The key elements of a truly forward-looking strategy are complex in the longer term, but not necessarily in this government term.

In the longer term, there is a need to bridge the divide between east and west, perhaps, for example, by a quid pro quo over language: Russian could at some point become the second state language, but on the proviso that the Russophone east demonstrates that it also accepts that Ukrainian is a state language by actually teaching Ukrainian in its classes and airing more broadcasts in Ukrainian.

But that is a longer-term issue, for another government. The strategy for the term of this government should be to take measures that might emulate the new election commissions, by bringing institutional change. The first-phase changes should particularly aim to give ordinary Ukrainians a "democracy dividend" – in the form of a greater sense of security, freedom, empowerment, and better services – by focusing, for example, on reforming the judiciary, freeing up small business, and improving local government.

And the basic content of those changes is clear: if the Orange revolutionaries want to lead Ukraine into the EU, they should push Ukraine's claim for membership by voluntarily embarking on doing what the EU's new member-states did, which is to bring thousands of pages of EU laws onto their statute books and to reform the country's institutions accordingly. Those laws may of course need some adjustment to reflect the specifics of Ukraine's situation here and now, but the government must quickly demonstrate that it is "European" in action as well as in words and by right.

And it needs so do that if it is to keep the EU's attention. It may all too easily lose that attention. EU leaders have, for instance, been frustratingly muted in their applause for Ukraine's elections (when they have made any comments), another sign perhaps that a hobbling Europe is not over-enthused about Ukraine joining it.

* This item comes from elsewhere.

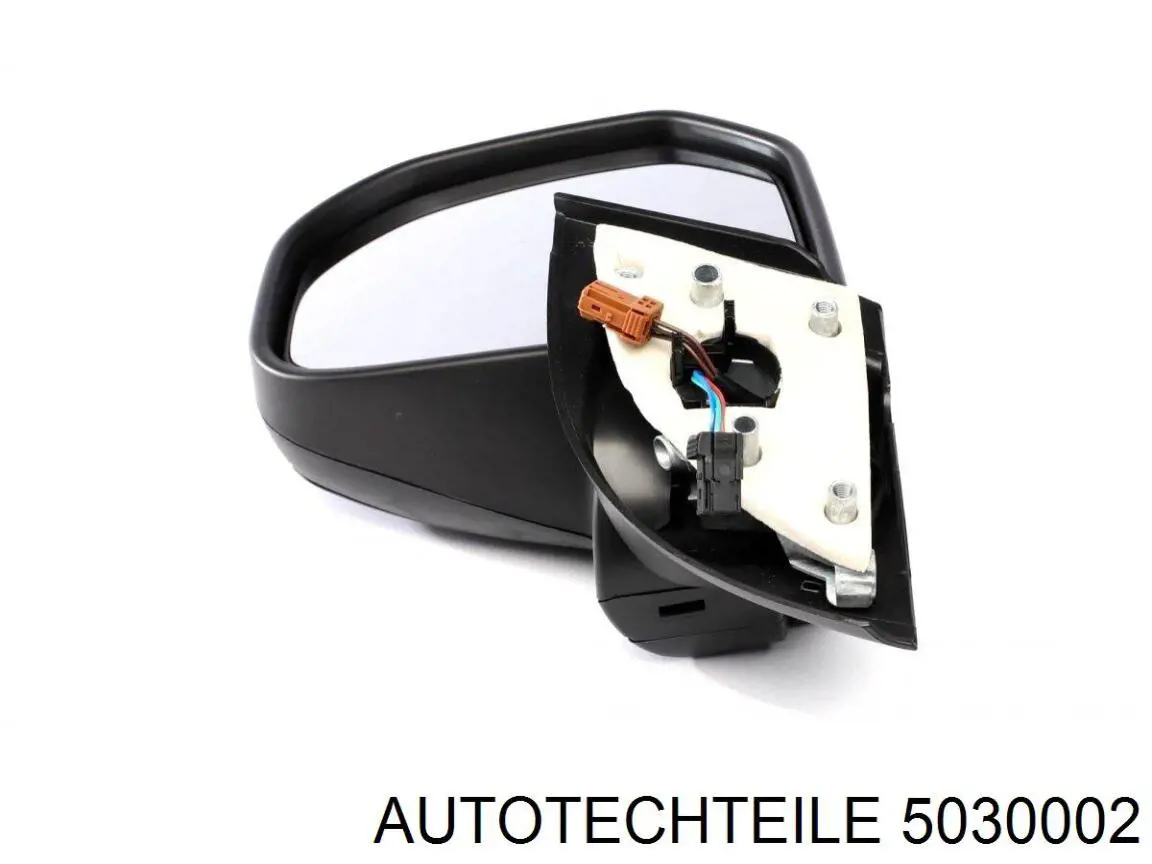 Дзеркало праве 5030002 Autotechteile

But the Ukrainian government also needs to find ways – at home as well as in Europe – of maintaining some of the momentum left from the revolution. "Solidarism" will not go far. "Europe" too has its limitations as a rallying cry: "Europe" is not an idea that is particularly easy to associate with; it can empty political discussion of much of its content (as it did in Central Europe), and nor does it particularly excite ordinary people.

And, of course, there is the problem that in the east it is not a selling point, but rather a rallying point of resistance – and that Europe is less enthusiastic about enlargement than it should be.

Ukraine somehow needs to bridge the gap between its two halves and the gap between itself and Europe. To bridge the gap, it needs not just a different leader in the east, but also a new discussion about nationality. And, to bridge the gap with Europe, it would be good to burnish its national image. It needs to find something somewhat more inspiring and impressive than the Eurovision song contest was in 2005.

What might prompt discussion about nationality, nurture pride across the regions, encourage some serious mobilization of national resources, convince the oligarchs to plow more money back into their communities, create a buzz in Europe, slowly begin to change international attitudes, draw attention to Ukraine's many virtues and to the achievements it will notch up in the years ahead? In June and July, we will all learn once again how much the hearts and minds of much of the world's population are dominated by one thing.

If Ukraine wants to create a useful buzz, now is the time to float the idea. What about a Ukrainian bid for the World Cup in, say, 2018 followed by another – more promising – bid for 2026?